The towns are fun - you are the yellow asteristk, but the purple @-characters are thieves that steal your money. Doesn't matter at all, though, as you'll see shortly

Entering the stores brings up close-up portraits of the shopowners, a feature that carried on to later games like Ys. From left to right: The Foodstuff Store, the Inn and the Bank. The Inn even exists as a 3D space where you can walk up to your room:

Most important is the tool shop, however, where you can get anything that the aboriginals sell, and then some. The best part of the deal: Almost every item only costs 1 gold coin, and for buying you actually get the money instead of losing it. I have no idea whether this is a bug, or the disk image that's around is hacked. There's also a pawnshop to sell items (above to the right), but given the state the game is in, that is hardly necessary. I bought a flashlight and some batteries, also a radar and a "PWD Suit" (which other than the rest of the items cost 20,000, but once again the shop owner gave me money instead of taking it). The latter is even reflected in the appearance on the overworld (also notice the filled (I)nventory screen to the right):

After (U)sing the flashlight, dungeons look like this, in best Wizardry - or rather early Ultima - fashion. Sometimes it's really hard to tell how far away a corridor to the left or right is, resulting in many useless, time-wasting turns. Batteries also die faster than in a Game Gear so I had to get back and stock up more (you can only buy one per menu selection - ugh). Each time a battery runs out, the color of the dungeon walls changes for some reason. Even if the light runs out, though, it isn't too bad with the radar, which draws an automap as you go along. All you have to do is bump into every wall to test the way, while the radar tracks your position. I never found anything of value in the caves, although they do connect one cave entry to another, so I guess that would be an alternative way across the river - after you've been at the city once to get your gear.

There's also the castle to the southwest, of course. Other than the caves, it is perfectly lit, represented by the solid walls instead of wireframes. It is full of these guys, which I can only interpret as perverts who show off their huge erections. (A)ttacking them makes them go away, but you can also give them all your money if you want. Nothing of this does anything for you. The castle is huge and you get disturbed by them every few steps, so I just gave up on it.

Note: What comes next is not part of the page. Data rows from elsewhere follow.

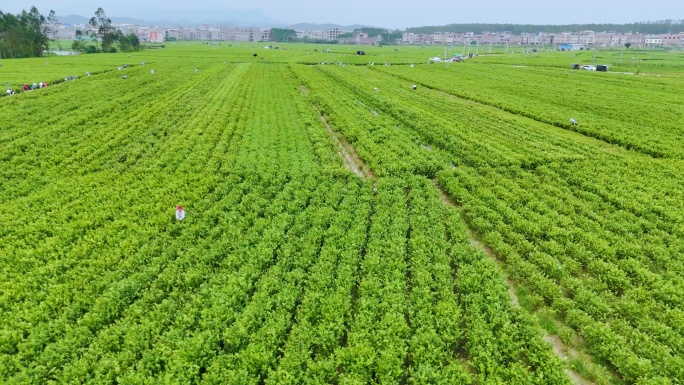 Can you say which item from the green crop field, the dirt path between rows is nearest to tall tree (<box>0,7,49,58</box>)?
the green crop field

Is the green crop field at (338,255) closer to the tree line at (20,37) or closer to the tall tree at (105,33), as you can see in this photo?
the tree line at (20,37)

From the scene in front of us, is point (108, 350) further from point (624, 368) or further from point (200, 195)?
point (624, 368)

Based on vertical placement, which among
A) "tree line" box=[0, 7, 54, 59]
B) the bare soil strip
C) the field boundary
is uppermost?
"tree line" box=[0, 7, 54, 59]

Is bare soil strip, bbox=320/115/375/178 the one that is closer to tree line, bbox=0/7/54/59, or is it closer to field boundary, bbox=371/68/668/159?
field boundary, bbox=371/68/668/159

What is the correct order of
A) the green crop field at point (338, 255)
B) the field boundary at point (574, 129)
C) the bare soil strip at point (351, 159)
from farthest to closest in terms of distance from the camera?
1. the field boundary at point (574, 129)
2. the bare soil strip at point (351, 159)
3. the green crop field at point (338, 255)

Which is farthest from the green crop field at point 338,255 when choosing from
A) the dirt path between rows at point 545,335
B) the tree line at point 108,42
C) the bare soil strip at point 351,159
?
the tree line at point 108,42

That leaves the pyramid, which houses the only dungeon enemies that can actually be (A)ttacked without magic weapons. There are also two yellow circles lying around everywhere, but I couldn't do anything with them.

There are several locked doors around the hallways, but (U)sing a key here only gives me the message that it's to be opened and I shall return to the first floor? But I've never been on any other floors other than this? Very strange.

Eventually ASCII Darth Vader here blocks the way, and apparently I need a holy sword to defeat him. But I played Legend of the Holy Sword last week! I give up!